I hold the hunter green un-budded branch.
[he then says] “I need to cross pollinate.
Create a new plant,
Then plant the children of these
He motions across the rows of bushes.
[I ask] “How long?”
My eyes are filled with the immediacy of the sweet, tart burst of a blueberry, the way the soft skin brushes the side of the tongue.
“Ten years to really produce.” [he says]
My eyes fall to the red clay earth
as the intimacy and importance of this small shrub falls over me:
An 82-year old man planting shrubs whose fruit is ten years off.
He coughs to disrupt the sheer tenderness of legacy hovering about us.
I am relieved to not have to find the words to say:
“Thank you for the blessing of berries
For the generosity of this gift.”
The 82-year old lawyer turned blueberry farmer hands me the offering bucket
And we walk on in the sanctuary of shrubs
Quietly dreaming of the pie that will be baked
A decade from now.
This must be how hope feels,
The fruit of the ancestors dreaming In the hands of the children.

Elandria Williams was a UU child, then a young adult star who kept rising. She became the co-moderator of the UUA, serving for three years, before she died at the age of 41.  Years before her unexpected, sudden death, she wrote this:

I came as a fourth grader to my congregation, the Tennessee Valley Unitarian Universalist Church in Knoxville … This community helped bring me into social justice ­struggles in the world around me and inside the UUA. They brought me as a child to the place where I now work, the Highlander Center.

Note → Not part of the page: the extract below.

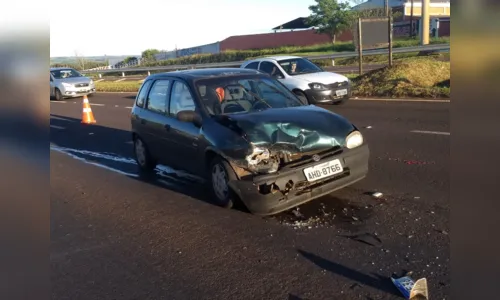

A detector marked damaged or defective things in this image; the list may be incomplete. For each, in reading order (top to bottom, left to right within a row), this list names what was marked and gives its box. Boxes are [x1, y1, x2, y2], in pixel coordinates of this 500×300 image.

crushed front bumper [302, 82, 350, 104]
damaged green car [131, 68, 370, 216]
crushed front bumper [229, 144, 370, 216]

My church opened so many doors because they held young people in high esteem and encouraged our leadership in the church and community. I will never forget going to our district’s Journey Toward Wholeness Transformation Team meeting (the UUA’s anti-racism program) and realizing that I was the youngest person there by nearly fifteen years.

My religious education teachers, friends’ parents, and spirit aunts and uncles were and still are community leaders in everything from nuclear disarmament to anti-racism/anti-oppression issues. They protested U.S. military involvement in Central America and stood behind the parent of a classmate as she transitioned from male to female in the early nineties. They have been my inspiration as I work to support others who are called by their faith to change hearts, minds, and communities.

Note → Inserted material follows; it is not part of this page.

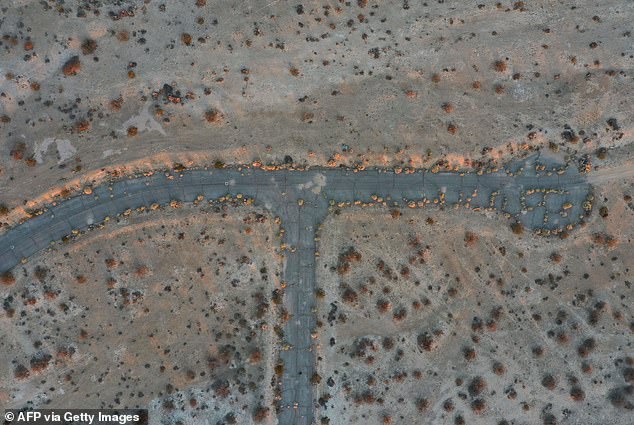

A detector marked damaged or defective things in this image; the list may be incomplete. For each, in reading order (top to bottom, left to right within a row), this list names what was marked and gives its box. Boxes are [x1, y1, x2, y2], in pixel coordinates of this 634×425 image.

cracked asphalt [0, 154, 588, 422]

My church changed forever on July 27, 2008, when an armed man came into the sanctuary and killed two UU leaders, one a member of TVUUC and the other a member of Westside Church. This rocked our church to its core. When I first heard about it, I didn’t know who had been killed—my mom, my friends and their parents, or others who had nurtured me my entire life. I realized something that day that has stayed with me ever since: No matter what issues I have with other Unitarian Universalists regarding our visions of God/Spirit, justice, race, and age—at the root of everything is community, love, and faith. That day, something larger than our individual beliefs rose up in my mind. I thought of the principles, values, and ­family that are the connective tissue of our faith community and that held us weeks after the shooting, six months later on our sixtieth anniversary, and still today.

I am part of the connective tissue that holds the legacy and future of our faith….

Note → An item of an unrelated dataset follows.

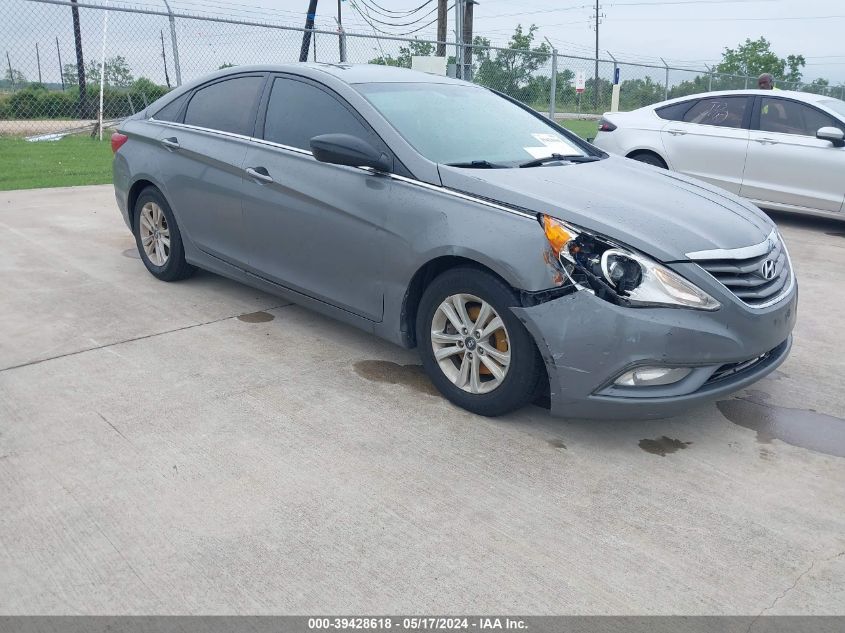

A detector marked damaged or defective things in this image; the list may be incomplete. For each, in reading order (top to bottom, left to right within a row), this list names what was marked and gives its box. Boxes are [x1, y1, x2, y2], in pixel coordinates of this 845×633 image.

damaged headlight [540, 214, 720, 310]
broken headlight lens [540, 214, 720, 310]
crack in pavement [0, 304, 292, 372]
crack in pavement [748, 548, 840, 628]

We are the children of freedom fighters, visionaries, and radical liberal theologians.

We are the phoenix rising out of the ashes of the McCarthy era and the civil rights, women’s, and queer liberation movements.

We are the survivors and beneficiaries of youth-led and youth-focused beliefs and programming that encouraged us to be change makers, boundary pushers, and institutionalists at the same time.

We are and will be the ministers, religious educators, con­gregational presidents, organizers, and social change leaders our faith has led us to be.

We wear our faith as tattoos on our bodies and in our hearts as testaments to the blood, tears, dreams, and inspirations of our community ancestors and elders.

From “Becoming: A Spiritual Guide for Navigating Adulthood”

What will your legacy be? How will you be remembered? What bucket of offerings are you readying? To what new places are you going? What thresholds are you crossing? What land will you bring the rest of us into?